Written by Kristen Schmutz

Belden Communications News



Volusia County is line to receive more than $16 million in federal aid, to assist residents with paying their rent due to financial fall-out from the COVID-19 Pandemic.


On Tuesday, the County Council approved the new coronavirus aid initiative by giving it to the county’s Community Services staff to launch the grant program once the money is received.


According to a release, last year, the county allocated $27.5 million of its federal coronavirus relief funds for rent and mortgage assistance to Volusia County residents. So far, a total of 7,974 applications for assistance have been approved.


Although requests are still being processed, the deadline to apply expired on Dec. 30.


While approving the program Tuesday, the council also authorized the hiring of up to 15 temporary county employees to help manage the program and process the rental assistance applications.


The positions – a program manager, two supervisors, nine caseworkers, two accounting specialists, and one staff assistant – will be paid for out of the grant funds and will be vacated when the program ends.


The program will target people earning at or below 80% of the area median income, or AMI, with preference given to those at 50% or below the AMI.


To qualify for assistance, one or more members of a household must have qualified for unemployment benefits or experienced a reduction in household income, incurred significant costs, or experienced other financial hardship due either directly or indirectly to the coronavirus outbreak.
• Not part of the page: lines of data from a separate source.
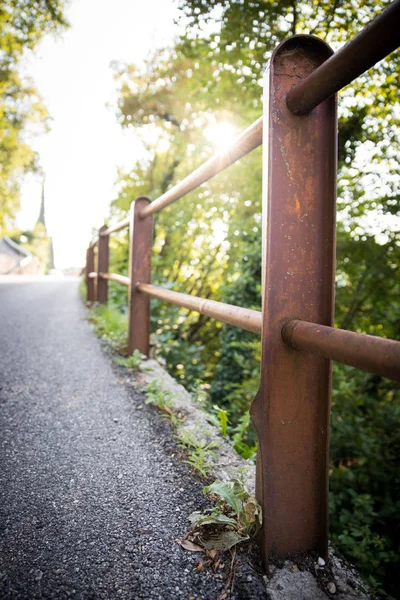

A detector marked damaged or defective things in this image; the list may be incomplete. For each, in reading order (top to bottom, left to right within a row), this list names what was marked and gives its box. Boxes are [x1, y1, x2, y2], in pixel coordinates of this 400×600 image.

rusty metal railing [85, 0, 400, 568]
rust stain on metal [252, 35, 336, 564]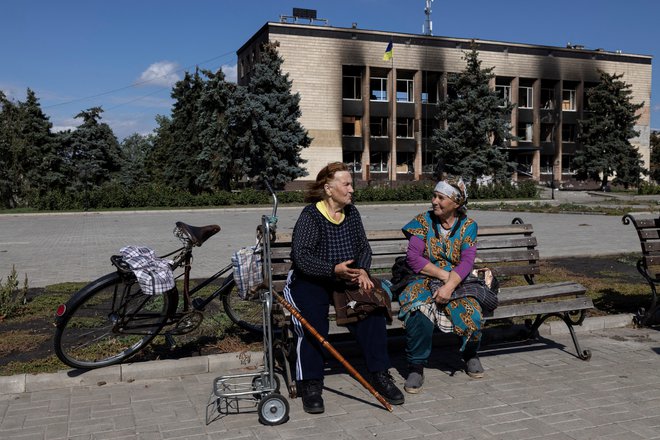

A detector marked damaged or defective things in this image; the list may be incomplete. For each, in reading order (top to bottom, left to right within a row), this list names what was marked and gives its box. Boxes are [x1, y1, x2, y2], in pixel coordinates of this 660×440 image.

damaged multi-story building [237, 9, 648, 186]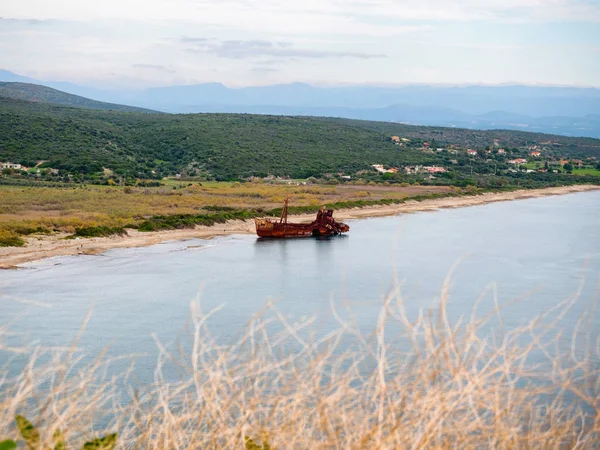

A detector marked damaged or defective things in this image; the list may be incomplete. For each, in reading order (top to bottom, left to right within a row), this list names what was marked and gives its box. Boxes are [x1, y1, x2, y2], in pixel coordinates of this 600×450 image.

rusty shipwreck [254, 198, 350, 239]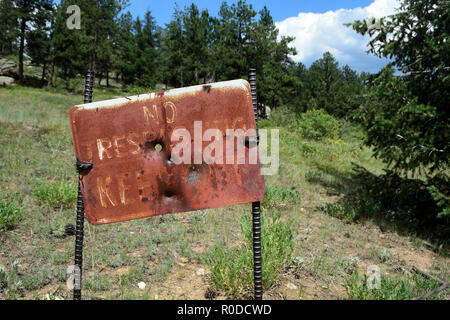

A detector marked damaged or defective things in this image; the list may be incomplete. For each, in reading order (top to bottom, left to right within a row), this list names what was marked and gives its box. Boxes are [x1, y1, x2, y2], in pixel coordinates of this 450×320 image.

red rust stain on sign [69, 79, 266, 225]
rusty metal sign [70, 80, 266, 225]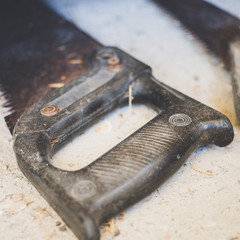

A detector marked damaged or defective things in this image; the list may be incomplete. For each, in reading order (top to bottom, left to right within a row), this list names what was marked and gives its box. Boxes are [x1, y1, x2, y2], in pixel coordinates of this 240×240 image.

rusty saw blade [155, 0, 240, 122]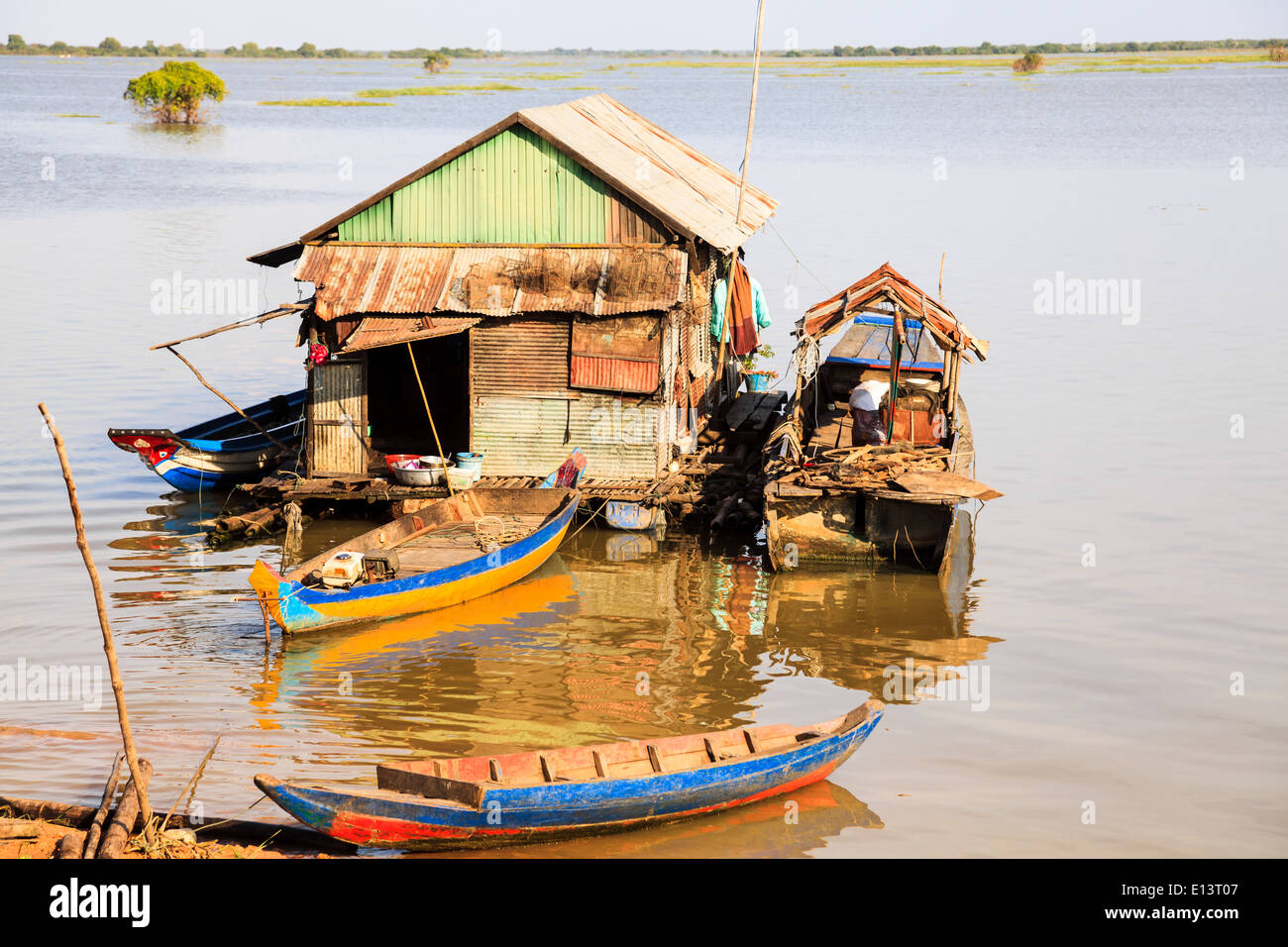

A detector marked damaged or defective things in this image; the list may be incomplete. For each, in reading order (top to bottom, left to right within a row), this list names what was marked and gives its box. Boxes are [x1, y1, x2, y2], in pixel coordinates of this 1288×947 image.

rusty corrugated metal roof [250, 94, 773, 264]
rusty corrugated metal roof [340, 314, 482, 353]
rusty corrugated metal roof [296, 241, 690, 322]
rusty corrugated metal roof [799, 262, 989, 361]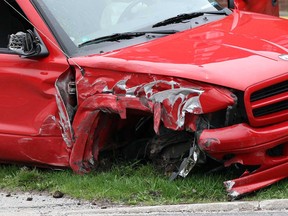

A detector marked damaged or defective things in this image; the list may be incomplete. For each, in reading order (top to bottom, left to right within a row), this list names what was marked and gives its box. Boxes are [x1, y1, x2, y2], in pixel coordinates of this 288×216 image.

smashed hood [71, 10, 288, 91]
crumpled front end [63, 65, 288, 199]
Additionally, one or more people in the household must be able to demonstrate a risk of homelessness or housing instability. Landlords will be able to apply on behalf of their tenants who meet the eligibility requirements as long as the tenant co-signs the application.


Community Services Director Dona Butler told council members that underemployment can be a critical challenge for many.


“That can make a big difference,” said Butler. “You might not have lost your job entirely, but you may have had your hours cut in half or you relocated to another job that just doesn’t pay you what you were being paid before.”


In addition to rent assistance, the program also will provide financial help for utilities and home energy costs or other expenses related to housing. Households will be able to receive up to a year of assistance but must be recertified every three months to continue receiving aid. In addition to the grant funds, caseworkers also will be trained to refer clients to other community resources for which they might qualify.


The county hopes to have the program up and running on March 1.


The public will be notified how and where to apply and the required documentation once the program is ready to accept applications. The county plans to produce a training video to teach clients how to submit an online application.


“It’s going to be challenging because there’s going to be a lot of folks that want assistance,” said Butler.